Libtorch installation and deployment model, and common operations

Install:

Environmental requirements:

        win10

        vs2019 (use 2019 and above, otherwise there may be problems such as unsupported)

        cuda11.1 (the version must correspond to the downloaded libtorch version)

        cuda10.2, cuda11.3, cuda11.6, cuda11.7 and other current mainstream versions.

1. Find the corresponding version on the pytorch official website

1019dae7cb544a5b9c78da3538ce494a.png

2. Vs2019 creates a new project and adjusts it to release, under x64

f47114644226c2faa713bf90aba02a46.png

3. Add in the VC++ directory---include directory

535b1c9b8ce22438ac7d0205a250db56.png

4. Add in the VC++ directory---library directory

024487ac4e8baa4ab3c3196e66cfc39e.png

5. Add lib dependencies in linker---input---additional dependencies (add all lib endings in D:\libtorch\libtorch-win-shared-with-deps-1.10.1+cu111\libtorch\lib ) different versions have different libs.

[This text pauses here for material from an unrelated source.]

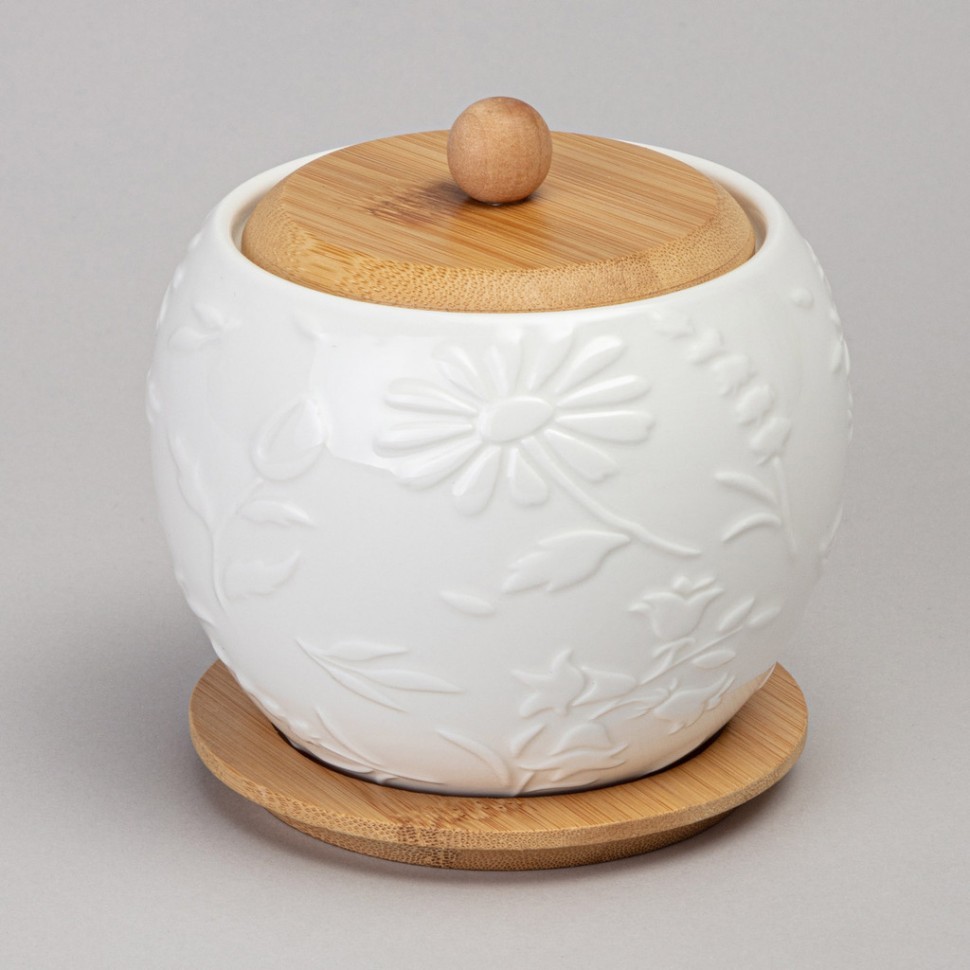 Банка lefard "flowers story" с дерев. крышкой на дер. подставке 12*11 см 550 мл Lefard (474-246)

9d3d7a3ade099b59f277f1728139b126.png

6. Add in debugging---environment

8940cd92250a3d53924e4f51bb0fdaa9.png

At this point the environment has been set up, you can check whether libtorch can run successfully. (The cpu version is already available at this time, but cuda is not yet available).

#include <iostream>
#include <torch/torch.h>
#include<torch/script.h>
using namespace std;


int main()
{
  cout << "cuda是否可用:" << torch::cuda::is_available() << endl;
  cout << "cudnn是否可用:" << torch::cuda::cudnn_is_available() << endl;
  cout << torch::cuda::device_count() << endl;


  torch::Tensor tr = torch::arange(0, 9, torch::kFloat32).reshape({ 3,3 });
  cout << tr << endl;
  return 0;
}

result:

5e5d1b9e8a686b8565f65d7bcbc738b7.png

7. Turn on the cuda function

Enter /INCLUDE:?warp_size@cuda@at@@YAHXZ at the linker --- command line 

The commands entered here are different for different versions.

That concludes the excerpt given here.